4 Evidence Scoreboard
Every estimator, every vintage, including the one we had to fix
Trust in this program should rest on the audit trail, not on any single number. This scoreboard reports every basin-scale estimate produced to date — including the revision history and the artifact we found in our own pipeline.
4.1 The estimators
Two independent estimators target the basin-scale effect of a 10% volume shift, pooled by inverse variance across the 13 pressure-band radii (7–19 km):
- Estimator A — regHAL-TMLE Delta-method (Li, Qiu, Wang & van der Laan 2025, arXiv:2506.17214). Targets expected maximum local magnitude directly. Runs on a ~50,000-row cluster-aware subsample (HAL basis enumeration is the constraint).

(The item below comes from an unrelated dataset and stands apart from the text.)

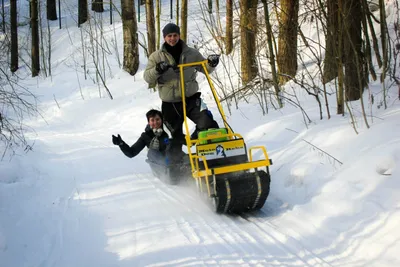 Бюджетные снегоходы: дешевле только на лыжах Автомобильный портал 5 Колесо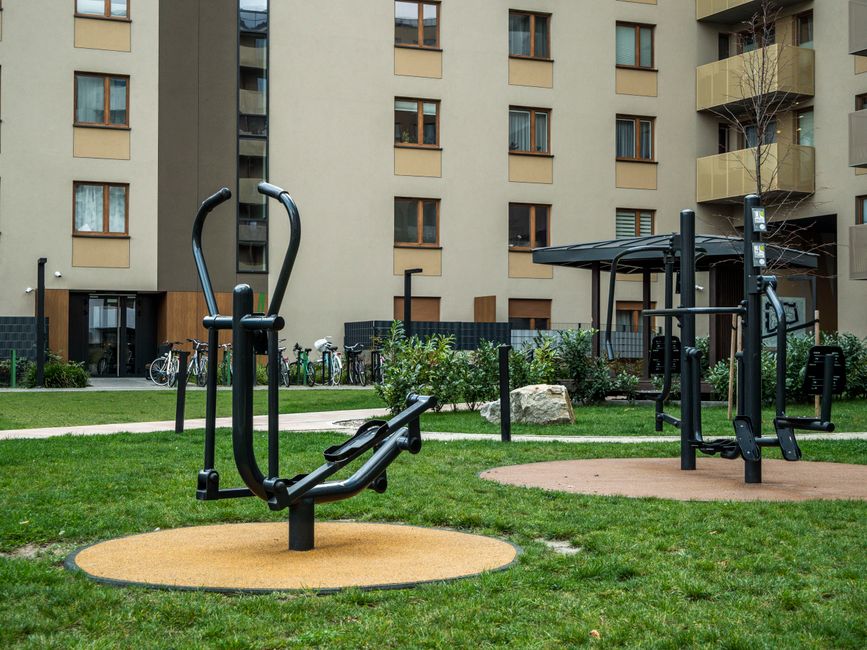 The History of the Gym as a Public Space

- Estimator B — full-panel hurdle HAL-TMLE. Decomposes the effect into frequency (does an event occur?) and magnitude (how large, given occurrence) channels. Runs on the full panel (459,105 spatially deduplicated rows) using a GPU active-set solver built for this project.
4.2 The scoreboard
| Date | Estimator | ψ (pooled, 7–19 km) | z | p | Status |
|---|---|---|---|---|---|
| 2026-04 | A (regHAL-TMLE, n=50k) | +7.65 × 10⁻³ | +3.38 | 7.2 × 10⁻⁴ | Published headline |
| 2026-04 | B (full-n hurdle CV) | +4.81 × 10⁻⁴ | +8.35 | < 10⁻¹⁵ | Superseded — see artifact note |
| 2026-05-06 | B (May data, pre-patch) | −6.6 × 10⁻⁶ | −1.44 | 0.15 | Artifact — documented below |
| 2026-05-06 | A (May data rerun) | +1.03 × 10⁻³ | +0.64 | 0.52 | Diagnostic only |
| 2026-05-08 | B (May data, patched CV) | +8.83 × 10⁻⁴ | +4.25 | 2.15 × 10⁻⁵ | Current best estimate |
4.3 What survived every vintage — and what didn’t
Stable across all vintages and estimators:
- The direction: positive. More injection → more seismicity at pressure-diffusion distances.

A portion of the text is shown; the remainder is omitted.